In remarks to pension officials from New York and several other states, Mr. Levitt, the longest-serving chairman of the Securities and Exchange Commission, said their world was fraught with problems, including conflicts of interest, opaque accounting and a tendency among elected officials to promise valuable benefits, then fail to set aside enough money to pay for them.

"As the baby boomers begin to retire, we cannot tolerate a shaky pension system," said Mr. Levitt, who stepped down from the S.E.C. in 2001 and is now a senior adviser to the Carlyle Group, a large private equities firm.

The Carlyle Group is one of the investment firms to be questioned by investigators in an inquiry into the New York State pension fund. Mr. Levitt alluded to that inquiry, which has focused on whether associates of New York State's most recent former comptroller, Alan G. Hevesi, improperly benefited from his sole direction of the $156 billion fund, the nation's second largest.

But Mr. Levitt said New York's pension woes were just the latest in a series of scandals at public funds all over the country, including those in the cities of Chicago, San Diego and Philadelphia and the states of Illinois, Ohio and California.

Mr. Levitt was speaking at an annual conference for public pension trustees sponsored by the Pacific Corporate Group, an investment management company that specializes in private equities.

He said he was speaking in the dual capacity of a private equities executive and the son of Arthur Levitt Sr., who was widely admired for refusing to use the New York State pension fund to bail out New York City during its fiscal crisis in the 1970s. Today, "too many fund trustees as well as elected officials" are "unable to carry this load," he said.

Mr. Levitt said much of the trouble was rooted in pension accounting rules that "fail to reflect accurately" the cost of the benefits that public workers have earned or the value of the assets set aside to pay those benefits.

"We can't begin to improve the fiscal standing of public pension funds until we can accurately assess their financial health," he said.

He blamed a rule-making framework that allows softer accounting standards for governments than for corporations, and called for the repeal of the Tower Amendment, a 30-year-old law that limits the S.E.C.'s authority to police governmental accounting. The current S.E.C. chairman, Christopher Cox, has also expressed doubts about the Tower Amendment's continuing usefulness but has not called outright for its repeal.

Mr. Levitt also called on Congress to create an independent financing source for the body that writes the accounting rules for governments — something Congress has already established for the corporate accounting rule-makers.

Currently, the Governmental Accounting Standards Board must finance its operations by soliciting contributions from the same bodies of government that adopt its rules.

Mr.

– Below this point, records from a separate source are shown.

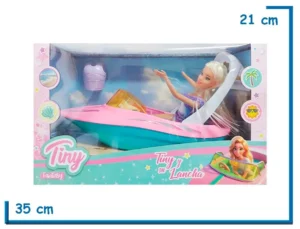 TINY FANTASY Y SU LANCHA MUÑECA MALLA VIOLETA CON ACCESORIOS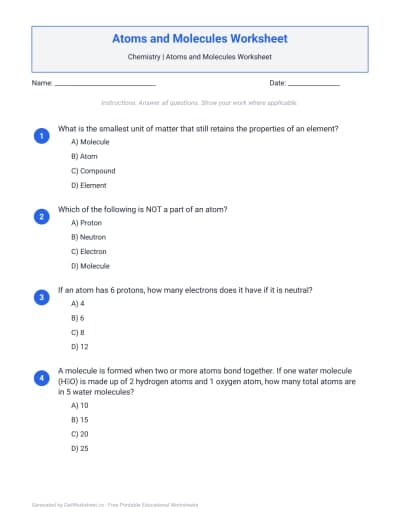 Atoms and Molecules Worksheet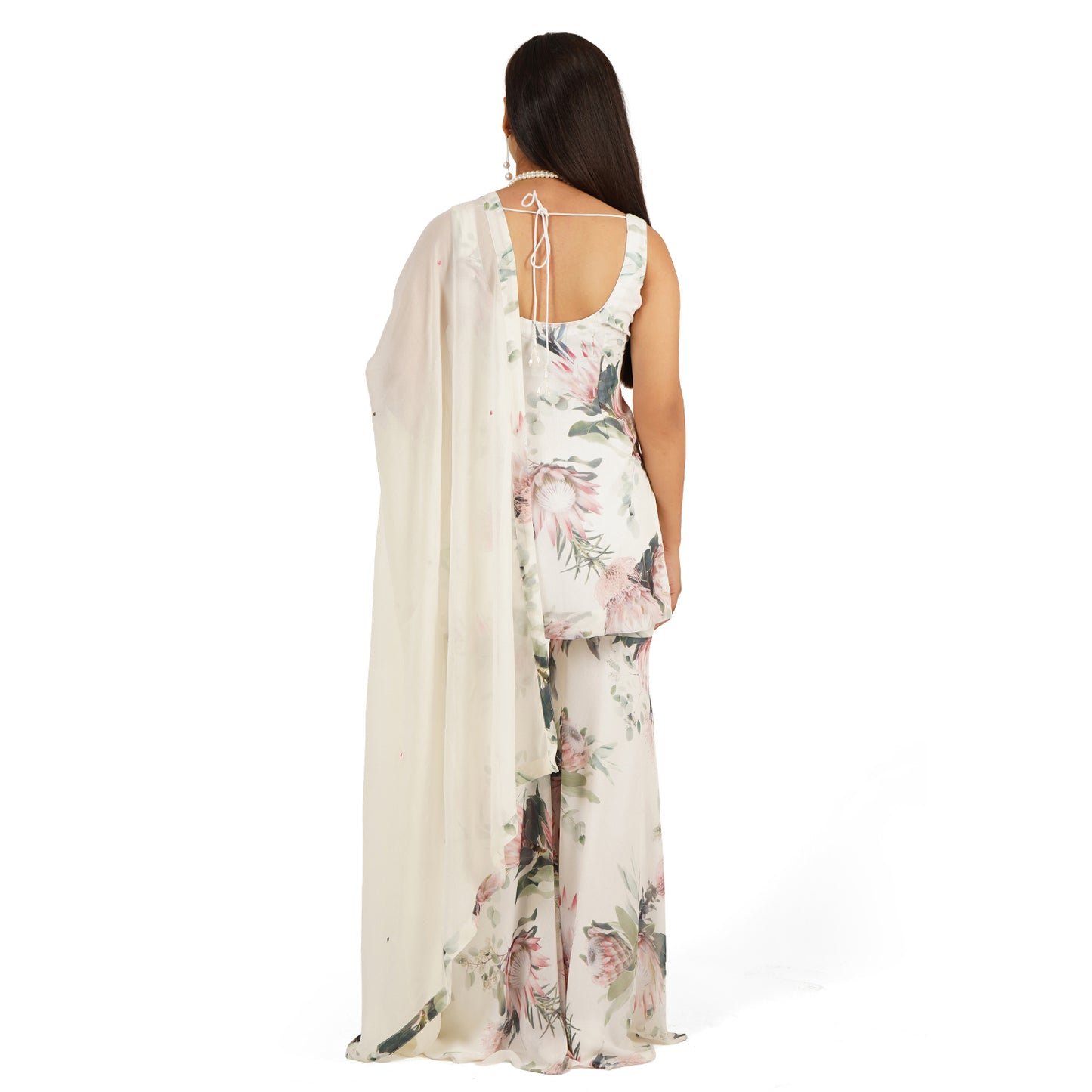 Floral Digital Printed Kurti Sharara Set with Dupatta – Off-White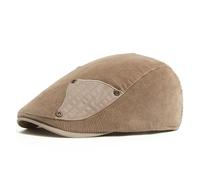 WENH Modische Cord-Baskenmütze for Damen und Herren, Frühling/Herbst, dick und warm, Flacher Hut im Vintage-Stil, lässige Schiebermütze(Khaki)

Levitt also questioned the way the governmental accounting rule-makers are chosen, saying he thought the trustees of the board should be named by the S.E.C. Currently, various constituency groups recommend trustees.

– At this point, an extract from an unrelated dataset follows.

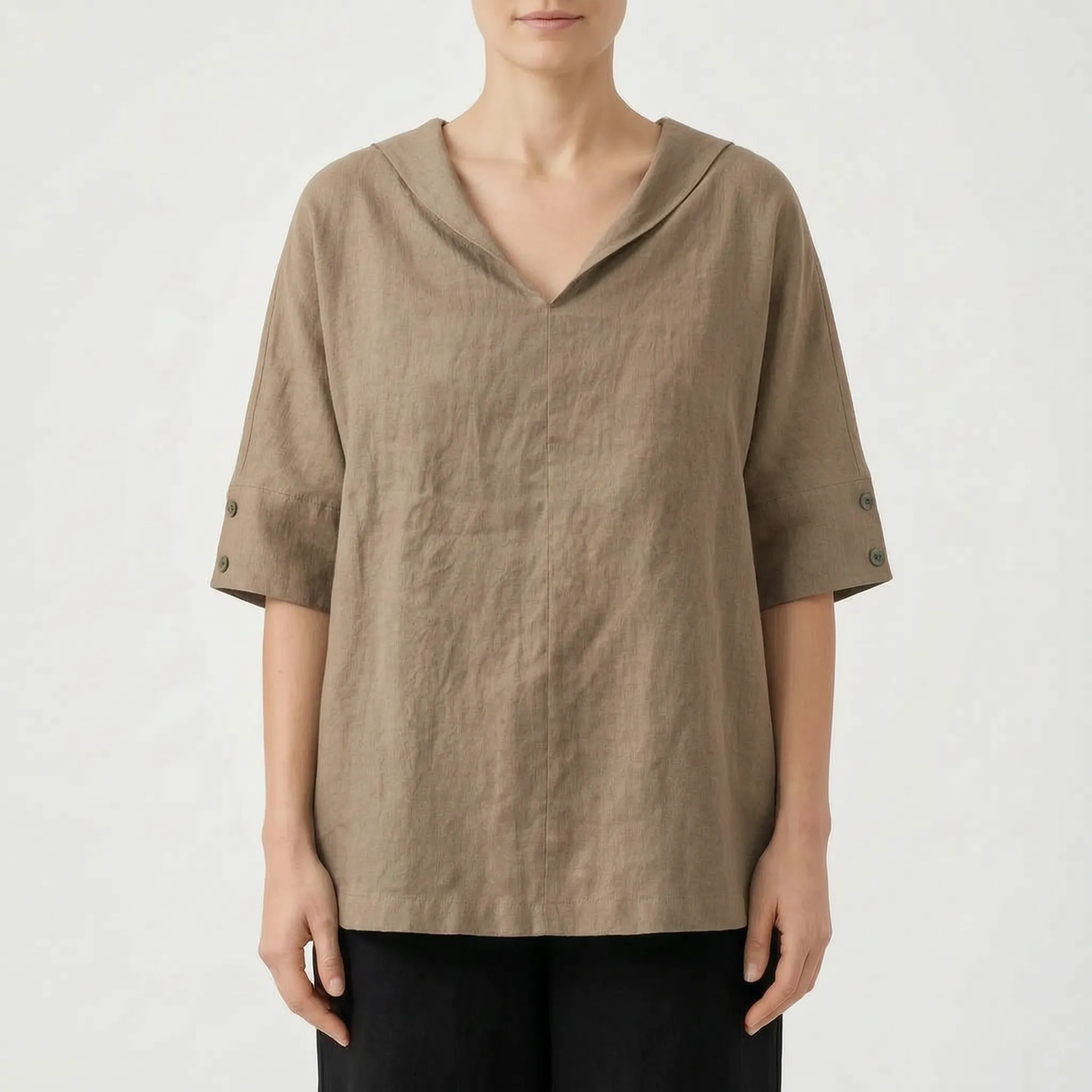 Drapio™ -  Relaxed V-Neck Short Sleeve Blouse -  Effortless Daytime Styling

Even if the pension accounting rules are beefed up, he said, it would make little difference unless the oversight boards of the funds were also improved. Currently, less than half of all public pension funds are thought to have formal education requirements for their trustees.

Current practices also allow pension officials to give priority to political concerns, he said, like calling for the divestment of pension money from "rogue states" like Sudan and Iran. He expressed great concern over the practice of some pension officials of soliciting campaign contributions from Wall Street firms.

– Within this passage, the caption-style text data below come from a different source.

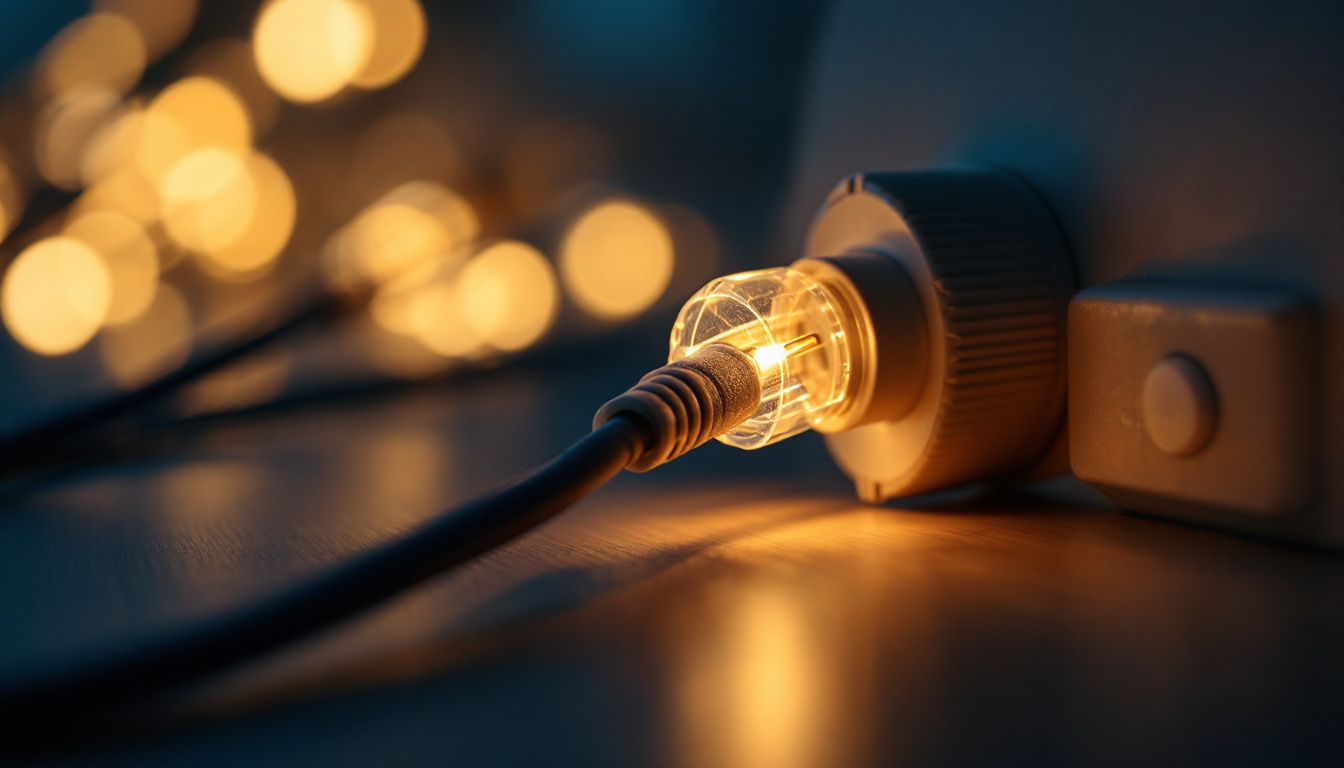 A photograph of a power supply cord elegantly illuminated in a dimly lit environment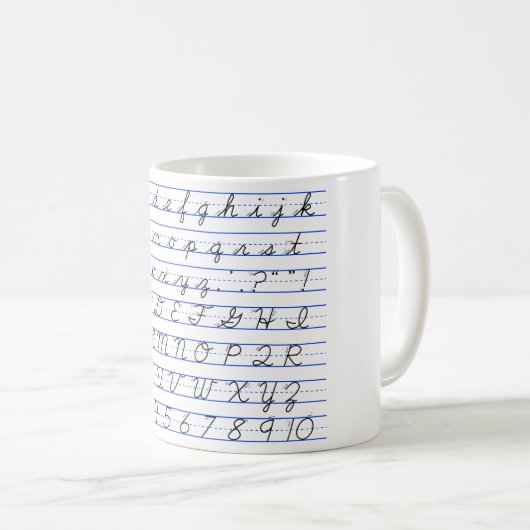 Englisches Alphabet-Diagramm in der Kaffeetasse (VorderseiteRechts)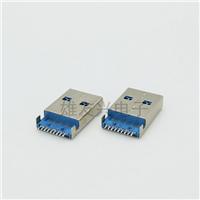 较新代USB 3.0A/M公座/插头 常规蓝胶180度一体式公头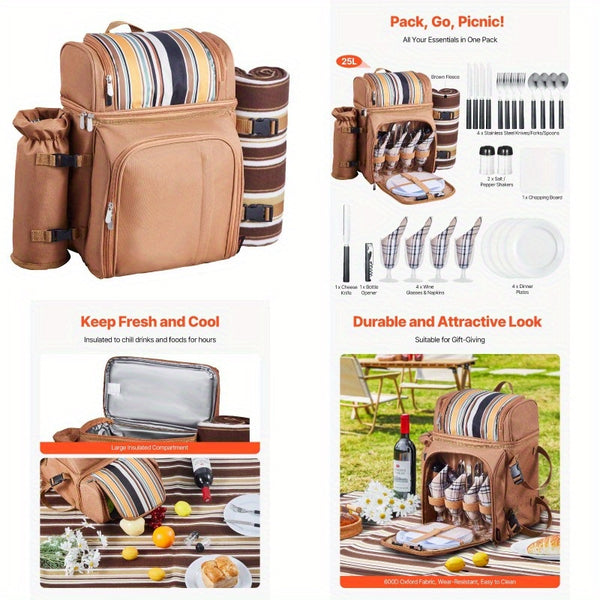 4-Person Beach Picnic Backpack with Cooler Compartment, Multiple Compartments & Detachable Cooler Bag - Includes Utensils, Plates, Napkins, Wine Bottle Holder - Durable Brown Striped Design for Outdoor, Camping, Family Outings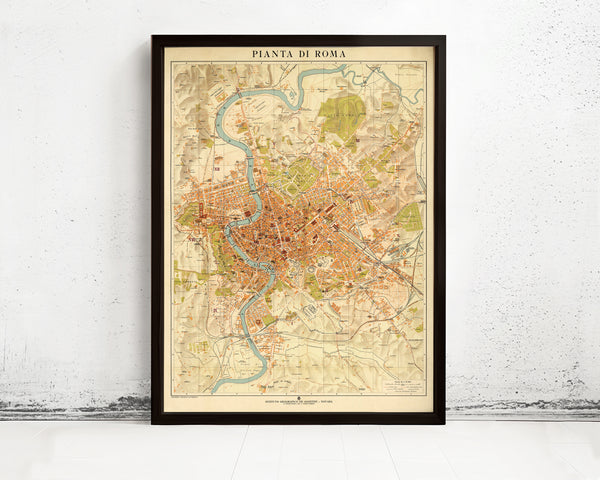 Vintage Map of Rome Roma Italy 1921 Old Map of Rome | Vintage Map Wall Art Print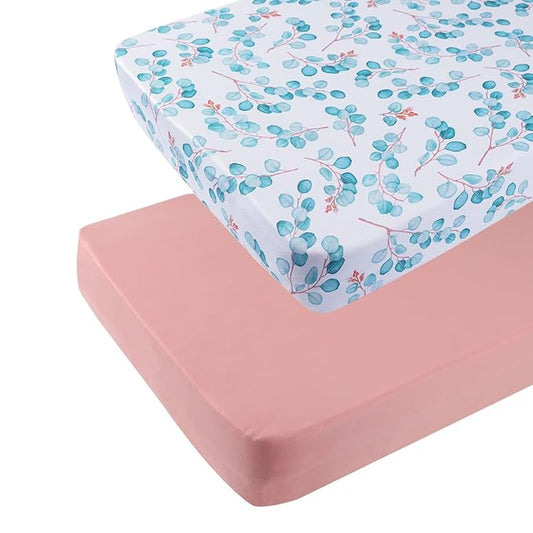 Onacosht Pack n Play Sheets 2 Pack for Baby Girl, Stretchy Jersey Knitted Playard Fitted Sheets Portable Mini Crib Mattress Cover, Watercolor Green Leaf and Plain Pink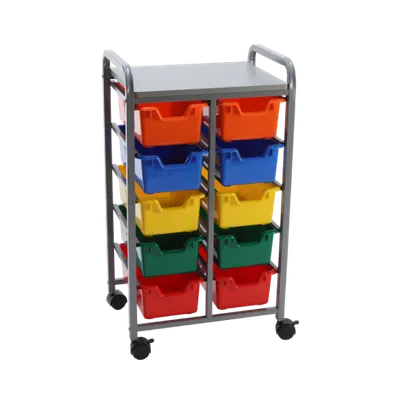 Organizator mobil cu 10 containere pentru gradinita, scoala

"We have created a situation where workers' retirement savings are being used for private gain," he said.

While at the S.E.C., Mr. Levitt said he had directed staff members to investigate these practices, after which they drafted a rule barring money managers from working for public pension funds if the money managers had recently made political contributions to any fund officials.

But the rule, conceived of in 1999, when the S.E.C. was fighting uphill to curb conflicts of interest in the auditing profession, never made it past the drafting stage. Eight years later, Mr. Levitt said he thought the problems were worse than ever.

Questions from the audience suggested that at least some trustees at the conference disagreed with Mr. Levitt's contention that pension trustees had no business identifying rogue states and trying to steer money away from them. One asked whether he also wanted them to back off from efforts to improve corporate governance. He said he did not.